▸ **WHAT TO WORK ON**:
Output the full listing below exactly as it reads, and skip anything that is a picture.

▸ **DATA SHOWN**:
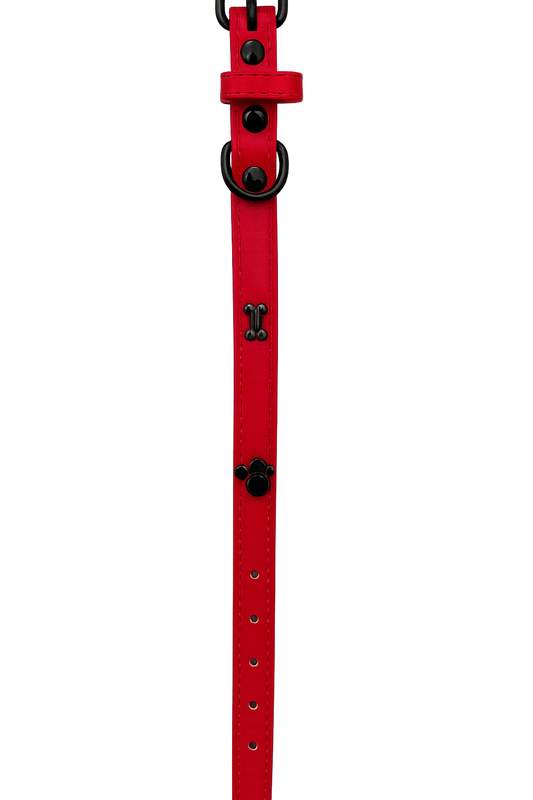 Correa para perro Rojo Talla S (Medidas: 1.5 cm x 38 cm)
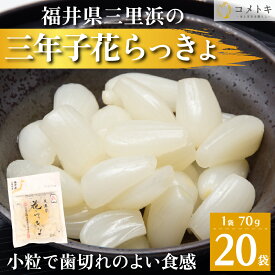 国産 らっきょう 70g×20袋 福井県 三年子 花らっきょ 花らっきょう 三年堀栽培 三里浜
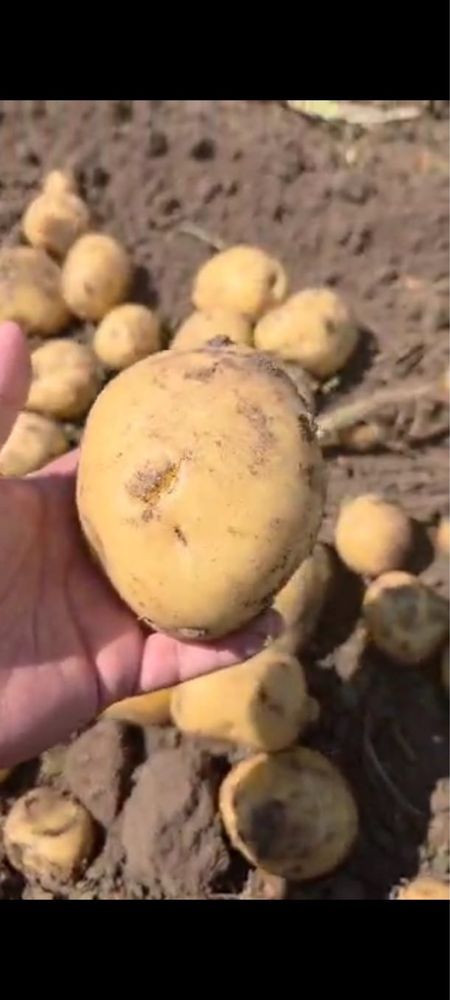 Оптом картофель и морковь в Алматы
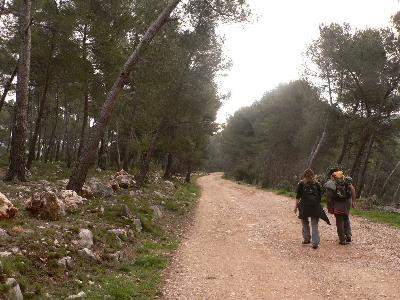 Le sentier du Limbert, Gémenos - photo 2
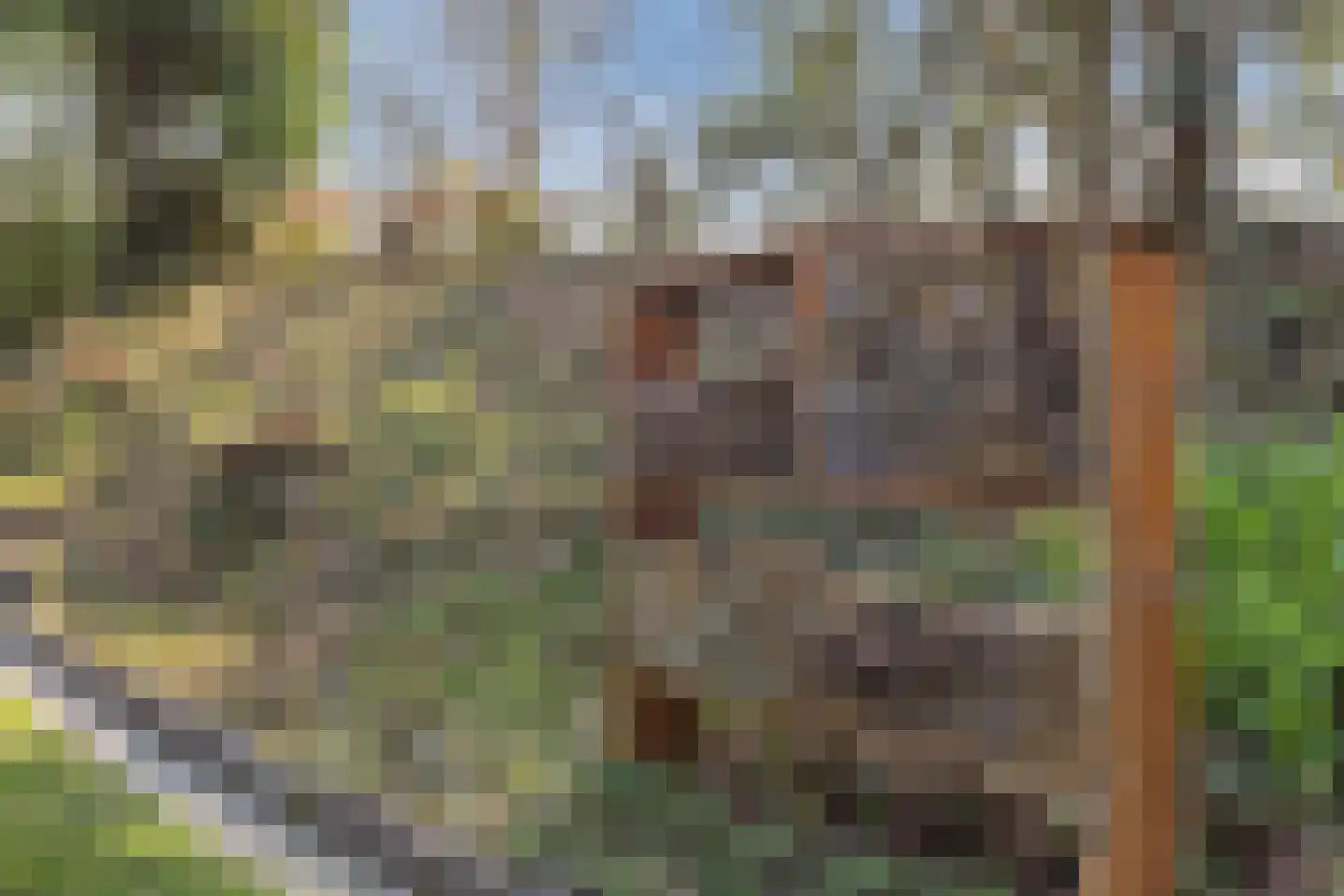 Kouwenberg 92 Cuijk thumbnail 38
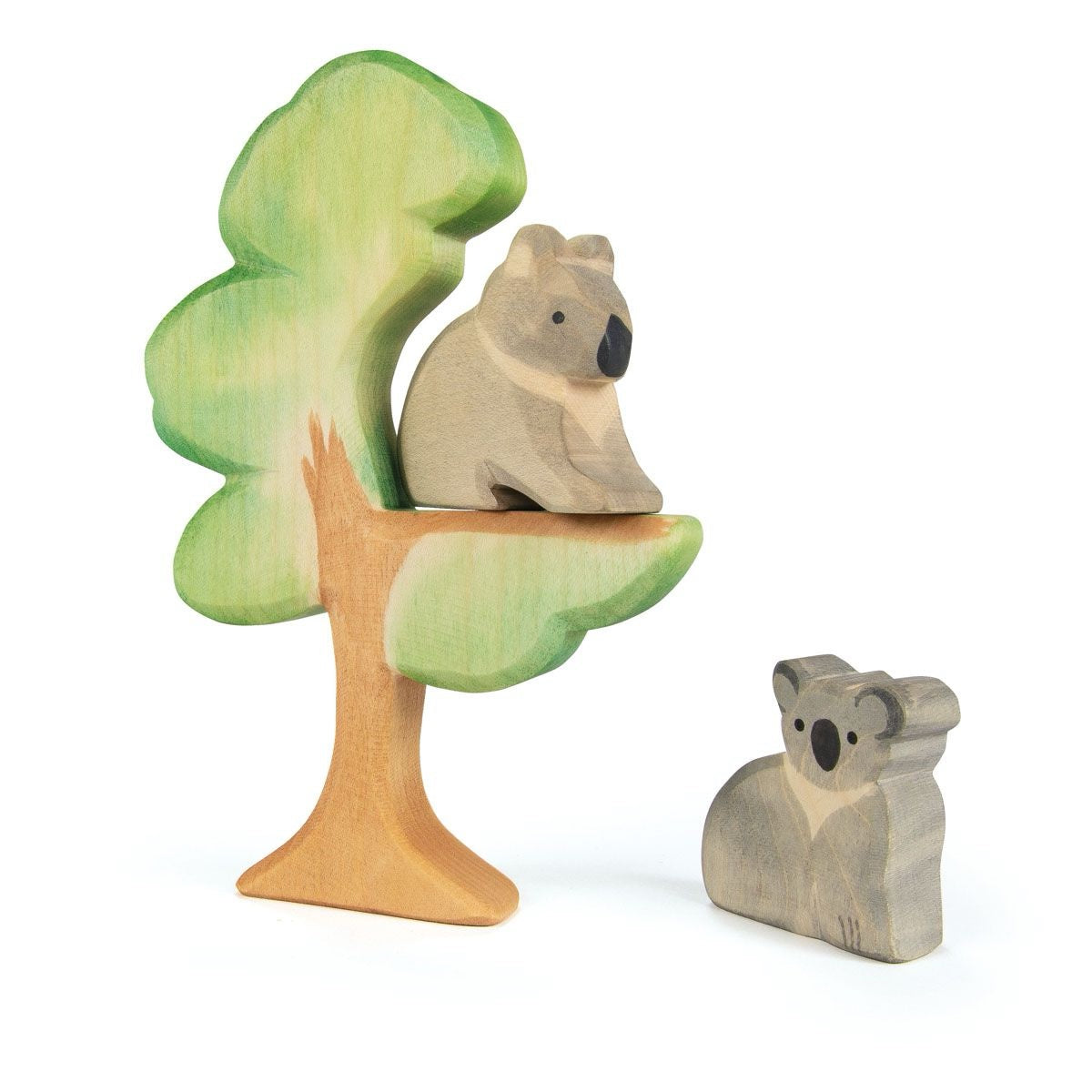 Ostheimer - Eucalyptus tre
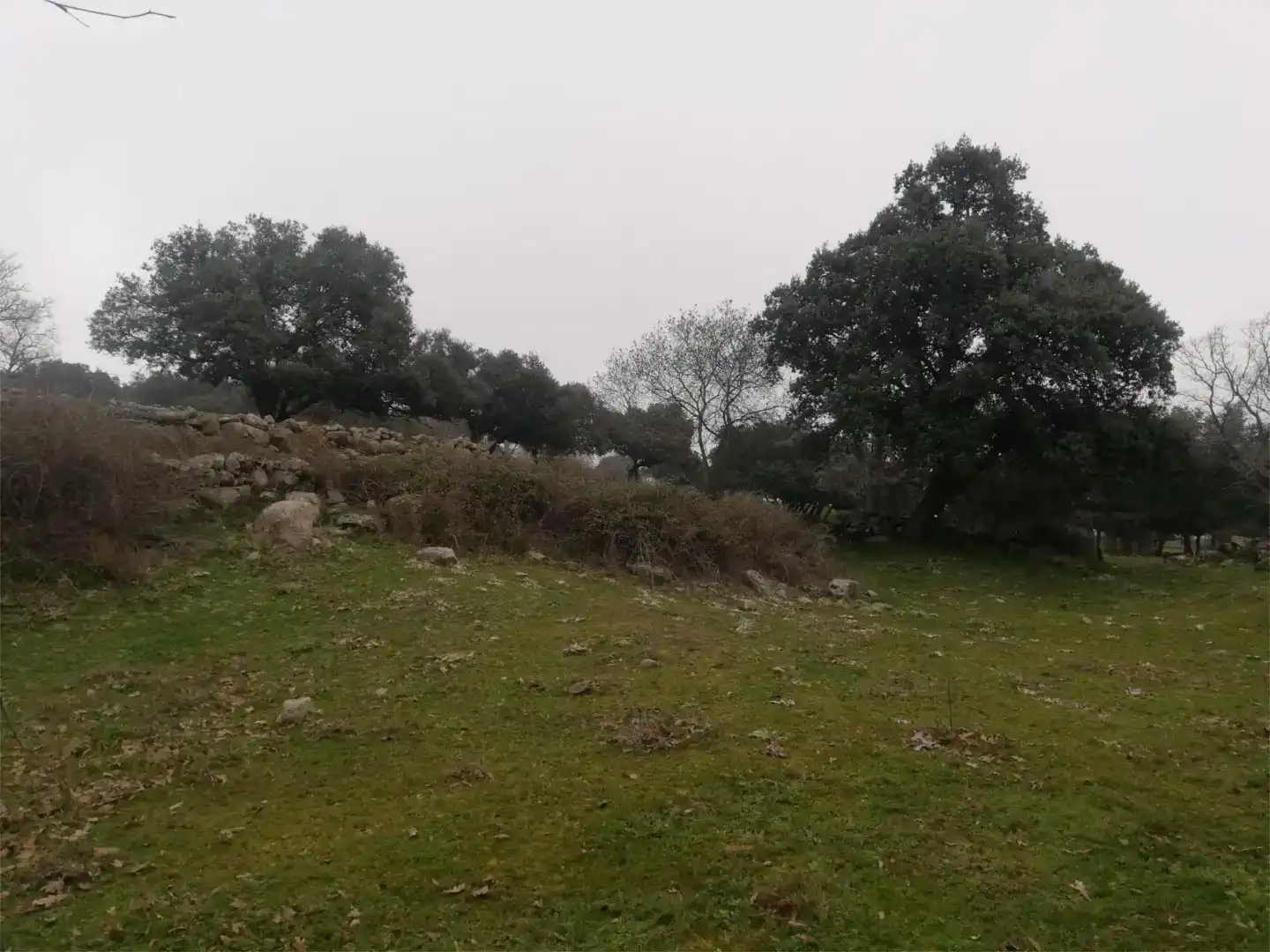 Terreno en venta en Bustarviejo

▸ **RESPONSE TO THIS TASK**:
 Correa para perro Rojo Talla S (Medidas: 1.5 cm x 38 cm)
 国産 らっきょう 70g×20袋 福井県 三年子 花らっきょ 花らっきょう 三年堀栽培 三里浜
 Оптом картофель и морковь в Алматы
 Le sentier du Limbert, Gémenos - photo 2
 Kouwenberg 92 Cuijk thumbnail 38
 Ostheimer - Eucalyptus tre
 Terreno en venta en Bustarviejo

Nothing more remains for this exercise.